►

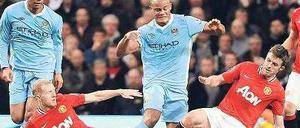 Und United geht ehrfürchtig zur Seite. Der frühere Hamburger Vincent Kompany (Mitte) erzielte kurz vor der Pause den Siegtreffer für Manchester City. Foto: dpa
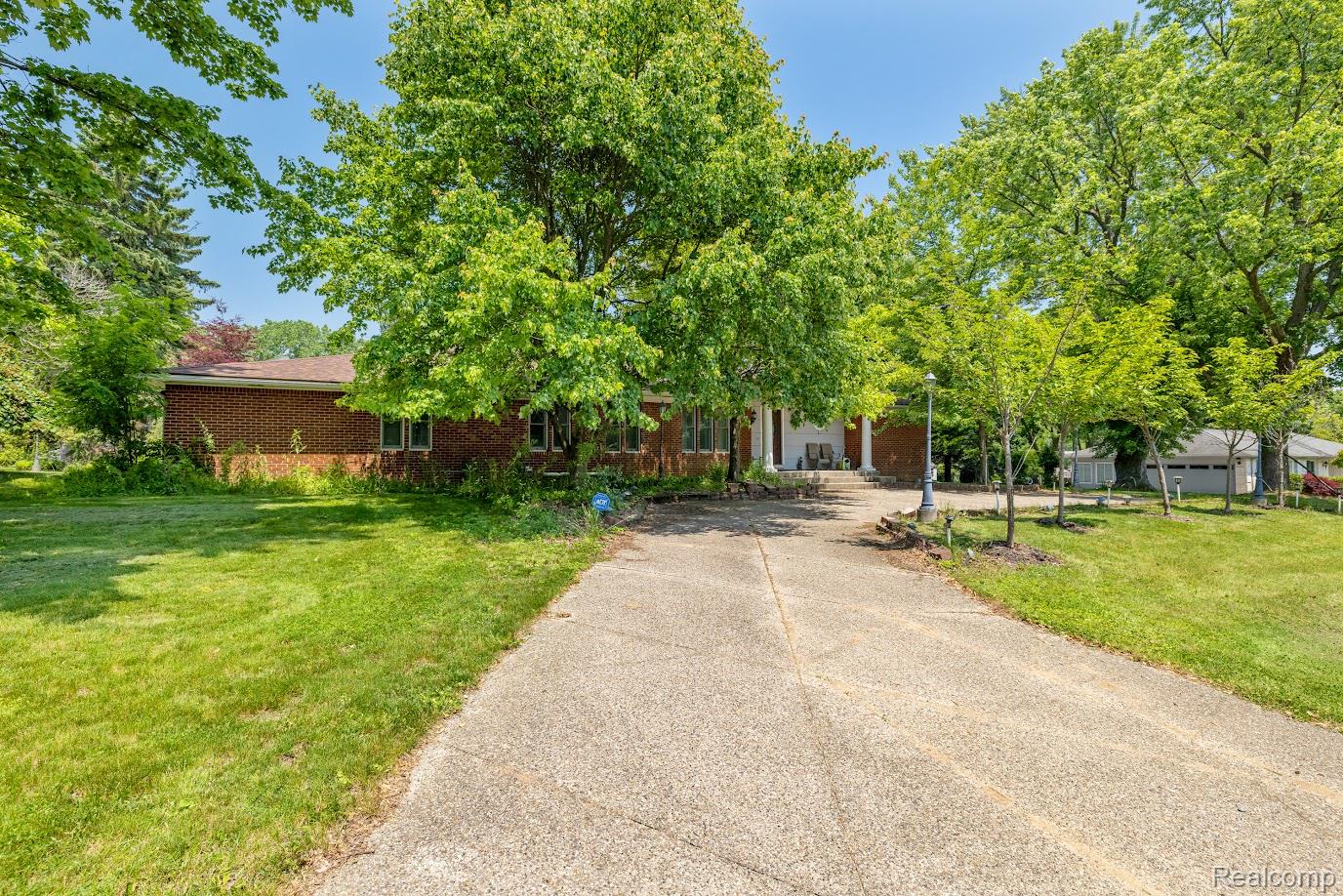 Rochester Hills City, Michigan 48309, United States, 4 Bedrooms Bedrooms, ,3 BathroomsBathrooms,Residential,Active,158272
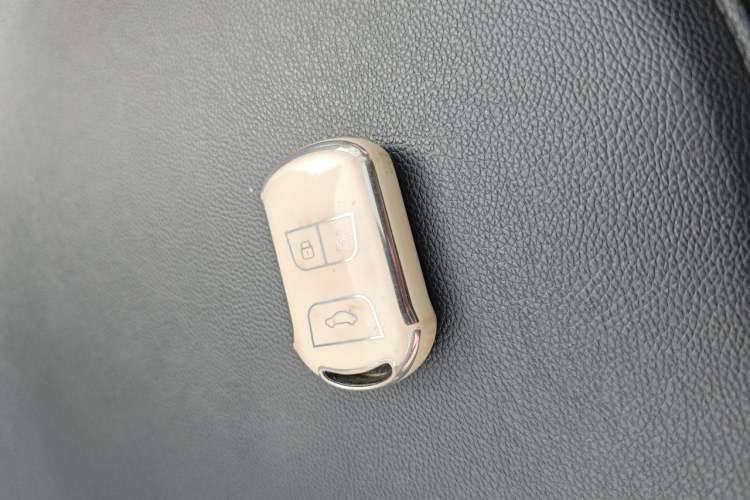 Used Chery Arrizo GX 2018 1.5T CVT Color Version China V Standard Vehicle Key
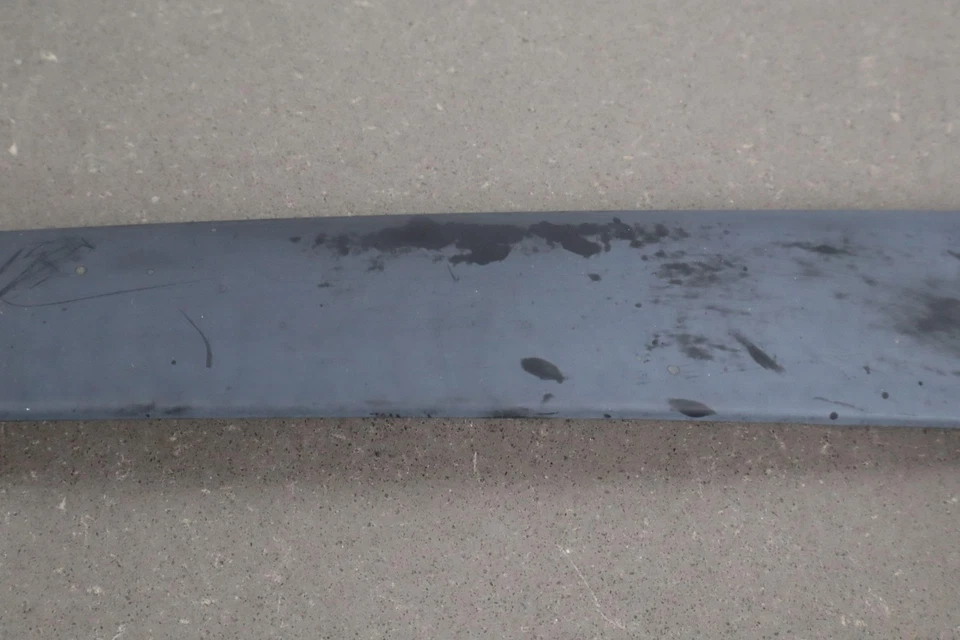 Pontiac GTO 2004-2006 pasajero derecho exterior pilar B moldura Foto 4 de 4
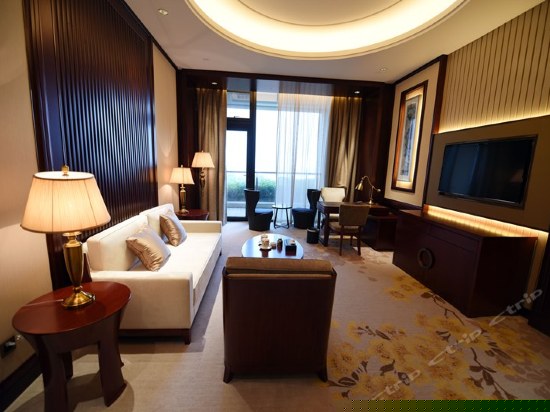 豪华无敌海景套房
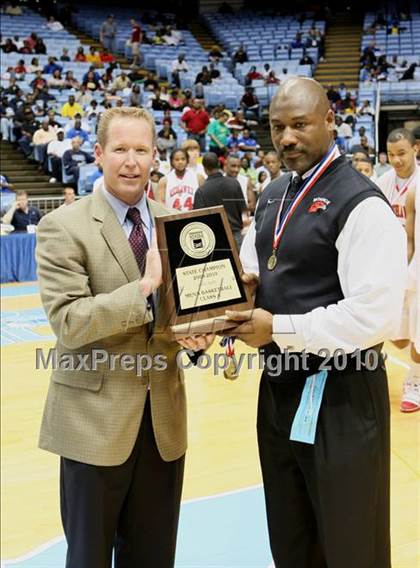Thumbnail 3 in Goldsboro vs. Monroe (NCHSAA Class 1A Final) photogallery.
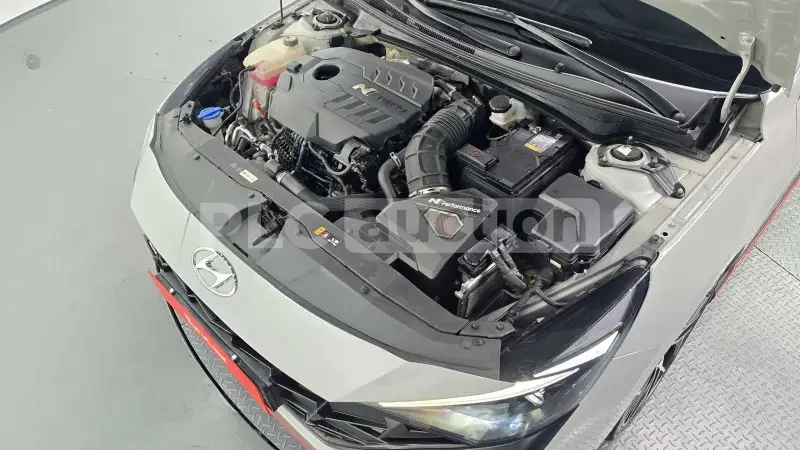 Hyundai Elantra, снимка 6 - Автомобили и джипове - 55036587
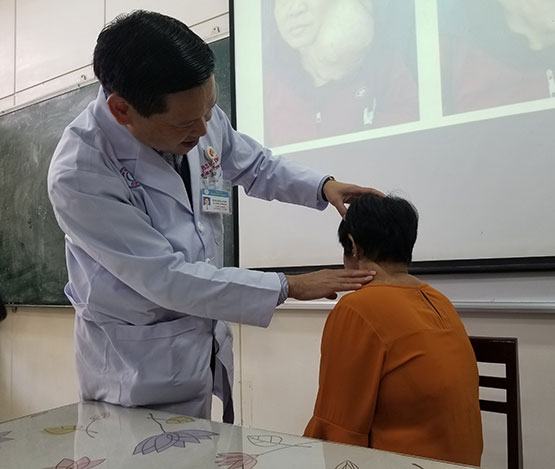 Một phụ nữ nhiều năm mang khối u 3kg trên cổ
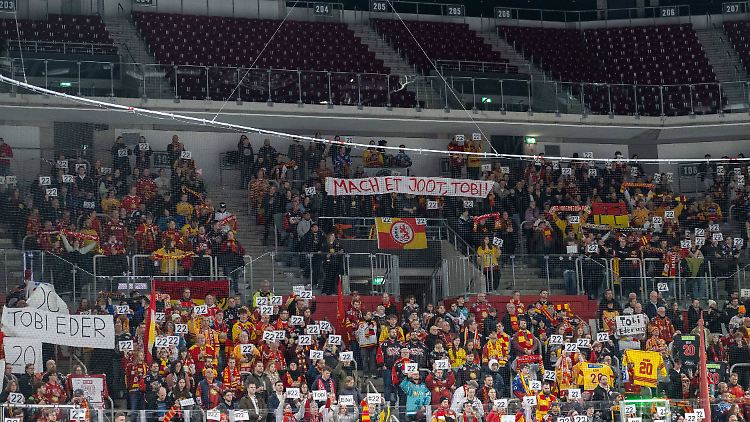 Etliche DEG-Fans brachten ihre Anteilnahme zum Ausdruck.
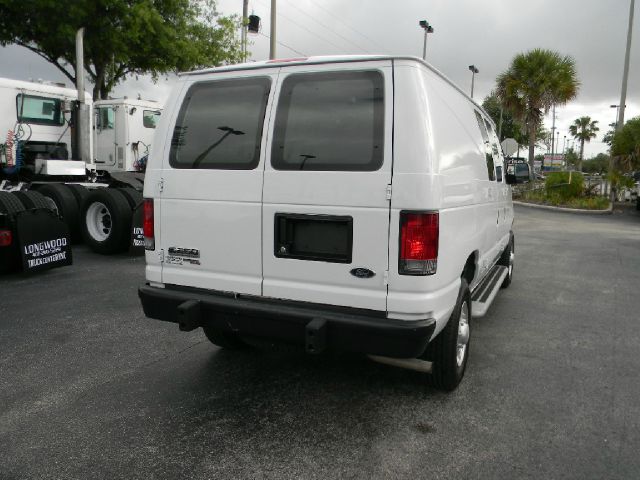 2012 Ford Econoline Awd-turbo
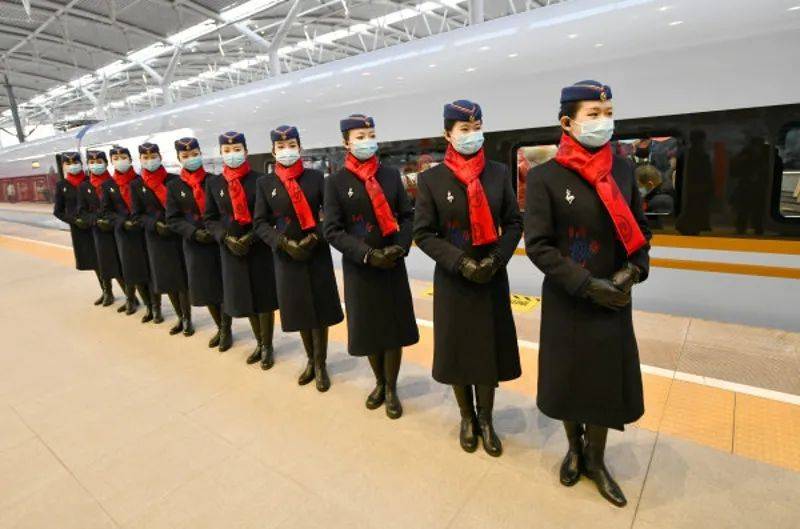 银西高铁正式开通运营陈润儿宣布发车咸辉杨宇栋致辞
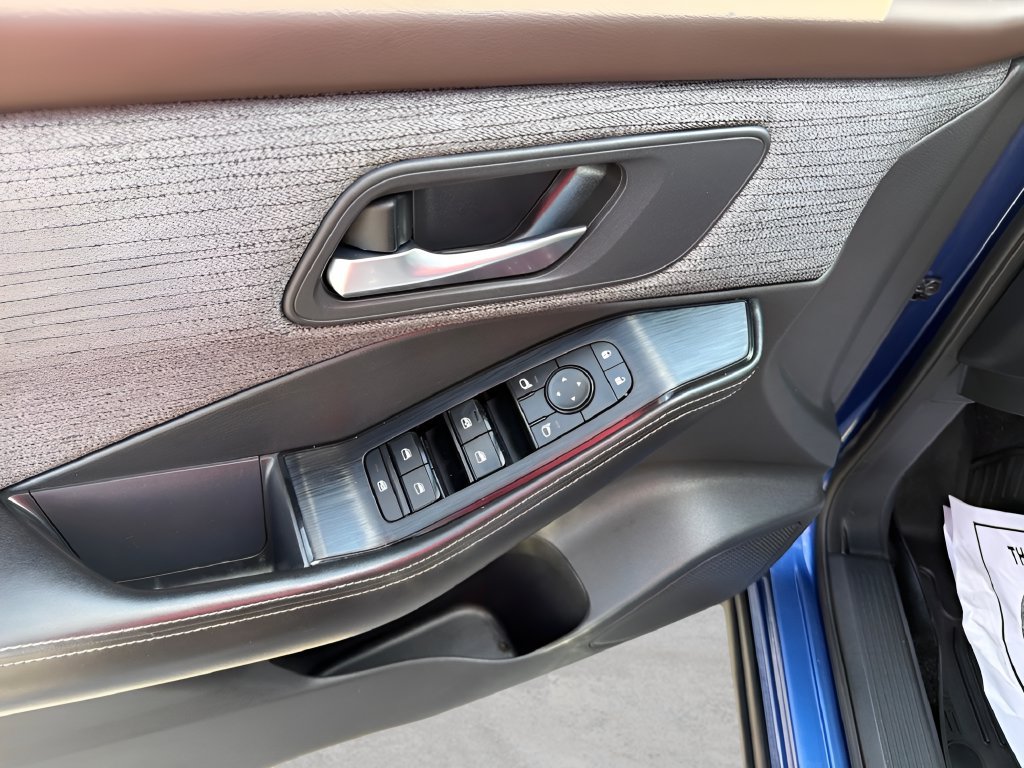 Used 2022 Nissan Rogue SV AWD/4WD image 16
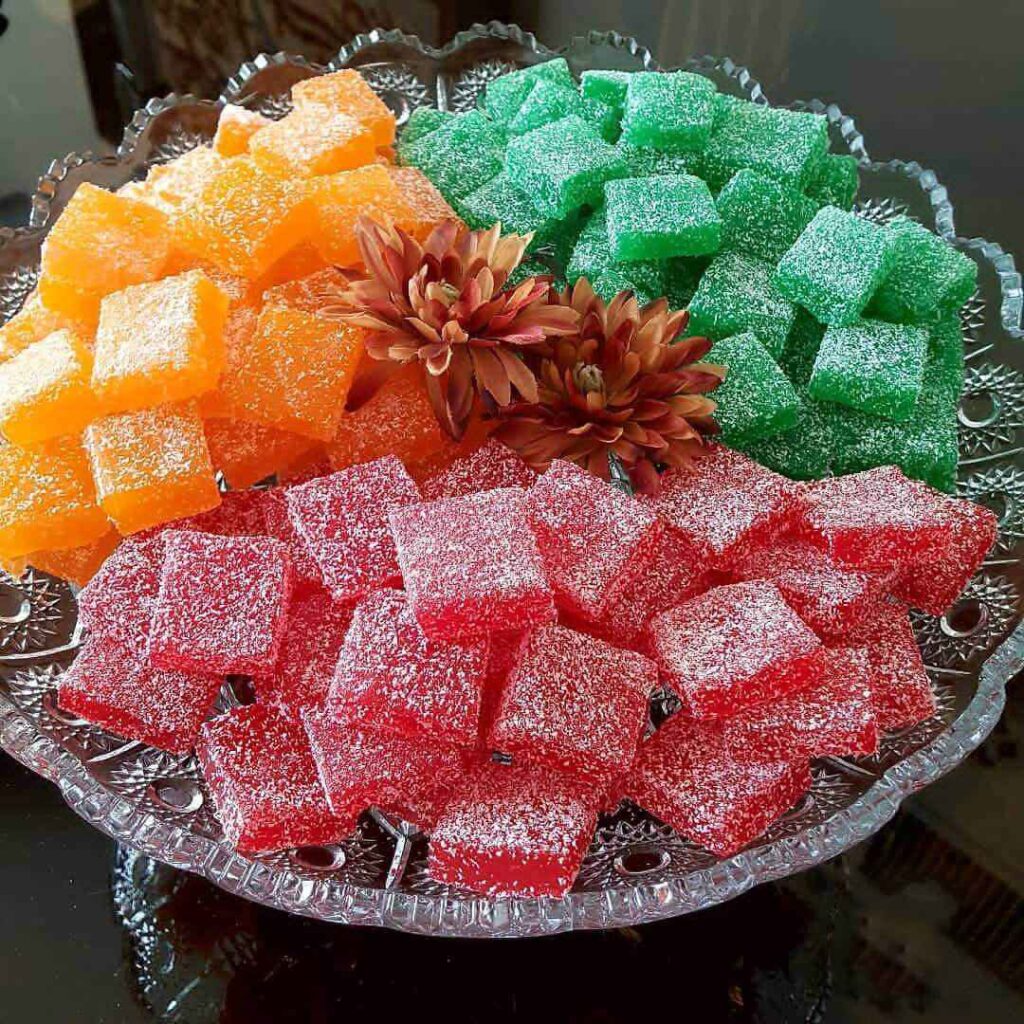 طرز تهیه باسلوق ژله ای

◄

### Exercise objective:
Where the data contains an image, skip the image and copy everything else exactly as it appears.

### Written solution:
 Und United geht ehrfürchtig zur Seite. Der frühere Hamburger Vincent Kompany (Mitte) erzielte kurz vor der Pause den Siegtreffer für Manchester City. Foto: dpa
 Rochester Hills City, Michigan 48309, United States, 4 Bedrooms Bedrooms, ,3 BathroomsBathrooms,Residential,Active,158272
 Used Chery Arrizo GX 2018 1.5T CVT Color Version China V Standard Vehicle Key
 Pontiac GTO 2004-2006 pasajero derecho exterior pilar B moldura Foto 4 de 4
 豪华无敌海景套房
Thumbnail 3 in Goldsboro vs. Monroe (NCHSAA Class 1A Final) photogallery.
 Hyundai Elantra, снимка 6 - Автомобили и джипове - 55036587
 Một phụ nữ nhiều năm mang khối u 3kg trên cổ
 Etliche DEG-Fans brachten ihre Anteilnahme zum Ausdruck.
 2012 Ford Econoline Awd-turbo
 银西高铁正式开通运营陈润儿宣布发车咸辉杨宇栋致辞
 Used 2022 Nissan Rogue SV AWD/4WD image 16
 طرز تهیه باسلوق ژله ای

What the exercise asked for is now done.